(Problem): Return the data below exactly, but only from the line containing "Get declan rice" through the line containing "20/50pcs Square Folding", with both of those lines included.

[Opening Data section]

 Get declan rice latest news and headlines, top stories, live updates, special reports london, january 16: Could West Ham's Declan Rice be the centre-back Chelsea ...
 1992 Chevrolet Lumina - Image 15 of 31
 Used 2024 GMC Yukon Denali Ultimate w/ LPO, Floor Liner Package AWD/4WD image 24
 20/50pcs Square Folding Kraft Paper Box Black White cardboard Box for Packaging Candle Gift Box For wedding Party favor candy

[Closing Data section]
[Opening Data section]

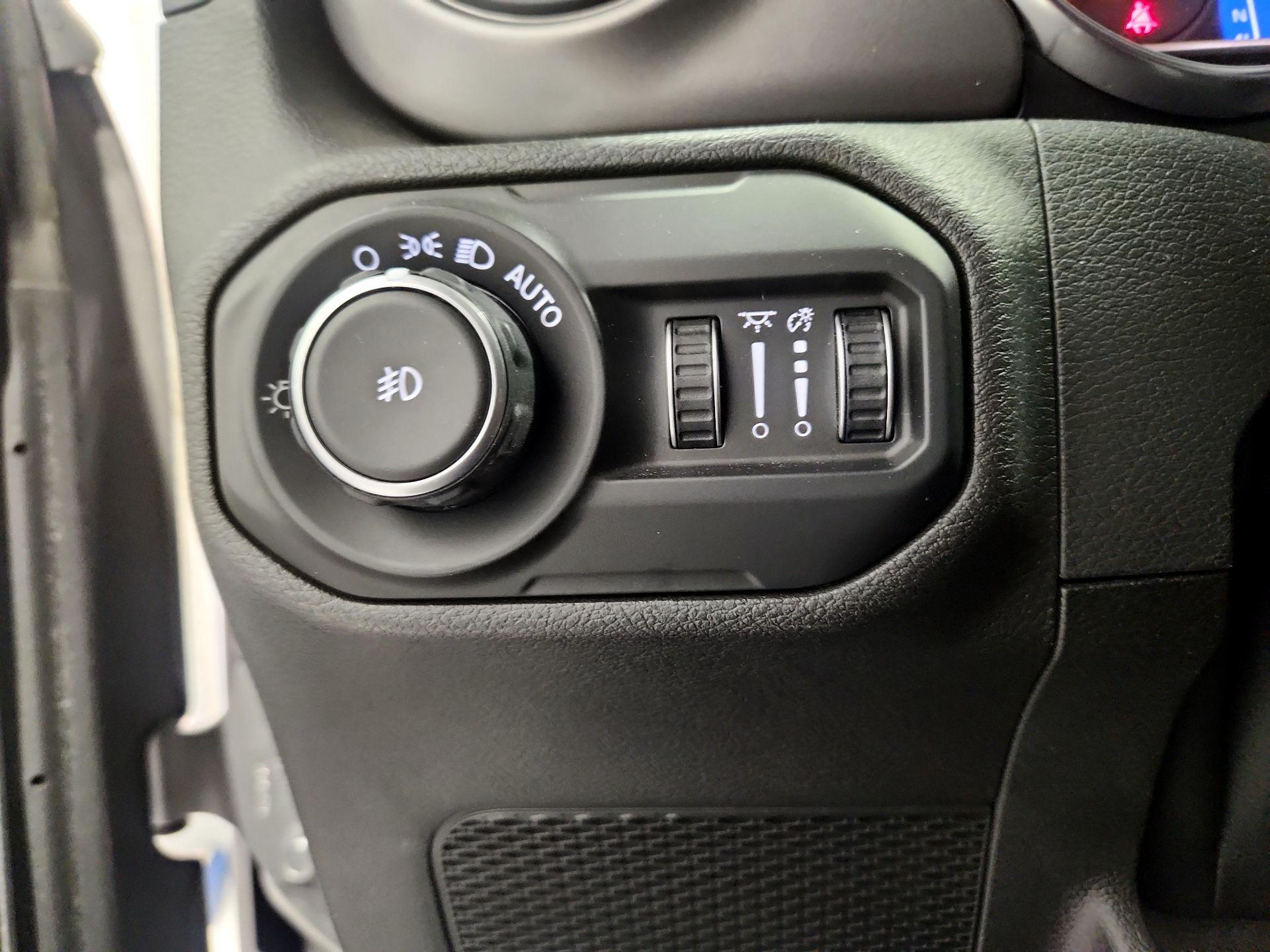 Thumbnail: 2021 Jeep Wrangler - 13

[Closing Data section]

(Written response):
 Get declan rice latest news and headlines, top stories, live updates, special reports london, january 16: Could West Ham's Declan Rice be the centre-back Chelsea ...
 1992 Chevrolet Lumina - Image 15 of 31
 Used 2024 GMC Yukon Denali Ultimate w/ LPO, Floor Liner Package AWD/4WD image 24
 20/50pcs Square Folding Kraft Paper Box Black White cardboard Box for Packaging Candle Gift Box For wedding Party favor candy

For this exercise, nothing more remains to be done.